OTTAWA, Nov. 27 /CNW Telbec/ - The Inquiry Committee into the conduct of
Justice Theodore Matlow, of the Ontario Superior Court of Justice, has
completed a pre-hearing conference in Toronto on 19 November 2007. A
transcript of the proceedings is available on the Council's website at
The Inquiry Committee will conduct a full hearing into this matter
beginning 8 January 2008, at 9 a.m., at 180 Queen Street West (courtroom 7C),
Toronto, Ontario. The hearing will be open to the public.
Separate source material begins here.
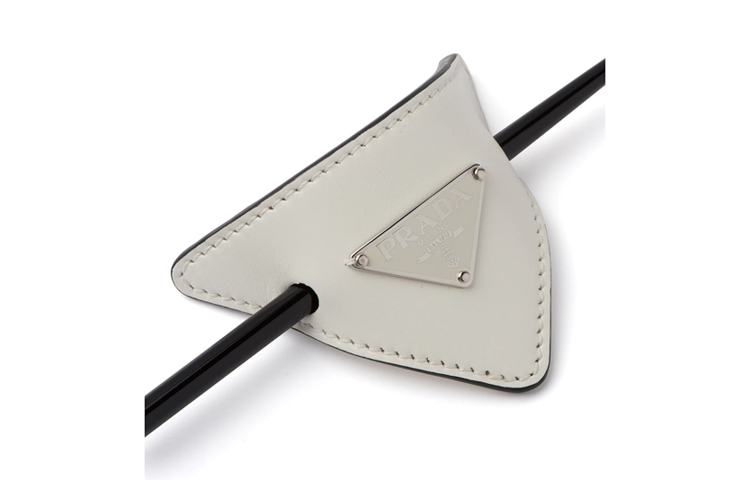 Lookbook (Women) PRADA Metal Triangle Logo Enamel Leather Hairpin White Hair Clip 1IF004_8NQ_F0009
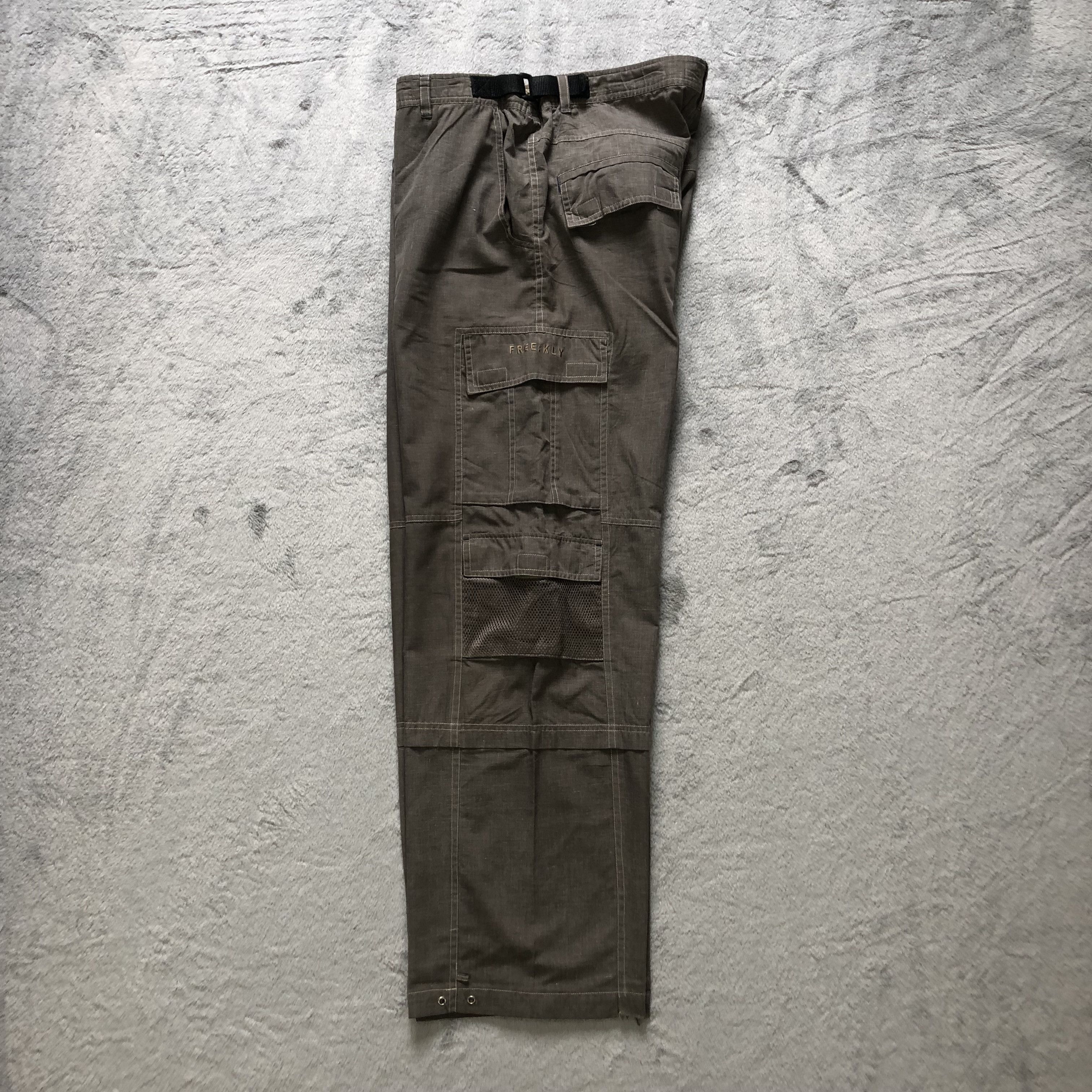 Japanese Brand UMBRO FREEKLY 8 POCKET CARGO PANTS #6924-97 Size US 40 / EU 56 - 12 Thumbnail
After the inquiry has concluded, the Committee will report its findings
and its conclusions to the Canadian Judicial Council in respect of whether or
not a recommendation should be made for the removal of Justice Matlow from
office. The Council will then decide whether to make a recommendation to the
Minister of Justice that Justice Matlow be removed from office for any of the
reasons set out in section 65(2) of the Judges Act. In accordance with
Canada's Constitution, a judge may only be removed from office through a joint
resolution of Parliament. The Council's mandate, under the Judges Act, is to
make a recommendation in that regard.
The Canadian Judicial Council is composed of the chief justices and
associate chief justices of Canada's superior courts. Information about the
Council is available at www.cjc.gc.ca.
The Inquiry Committee consists of three judicial members, appointed by
the Council, and two senior lawyers, appointed by the Minister of Justice. The
members of the Committee are:
- The Honourable Clyde K. Wells, Chief Justice of Newfoundland and
- The Honourable François Rolland, Chief Justice, Superior Court of
- The Honourable Ronald Veale, Senior Judge, Supreme Court of the Yukon
- Maria Lynn Freeland, Senior Crown Prosecutor, of Meadow Lake,
- Douglas M. Hummell, Barrister and Solicitor, of St. Catharines,
Independent counsel, Douglas Hunt of the law firm Hunt Partners LLP, has
been appointed to present the case to the Inquiry Committee. The mandate of
Independent Counsel is to act in the public interest and to bring all relevant
facts and points of law before the Committee for its consideration. Justice
Matlow is represented by Paul Cavalluzzo of the firm Cavalluzzo, Hayes,
Shilton, McIntyre & Cornish LLP.
Complaints and Inquiries process:
When someone believes that a judge's personal conduct (on or off the
bench) is in question, a complaint may be made to the Canadian Judicial
Council. The Council examines only issues of conduct and does not review a
judge's decision in law.
The complaints process is simple: the complaint must be in writing, and
it must concern the conduct of a federally appointed judge. No special forms
are necessary. No legal counsel is required. No fees are charged. To the
extent possible, the Council reviews anonymous complaints in the same way as
complaints that are signed.
When a complaint is made, the question before the Council is ultimately
whether or not a judge's conduct prevents that judge from discharging his
duties as a judge. In such a case, the Council must decide whether or not to
recommend that a judge be removed from office.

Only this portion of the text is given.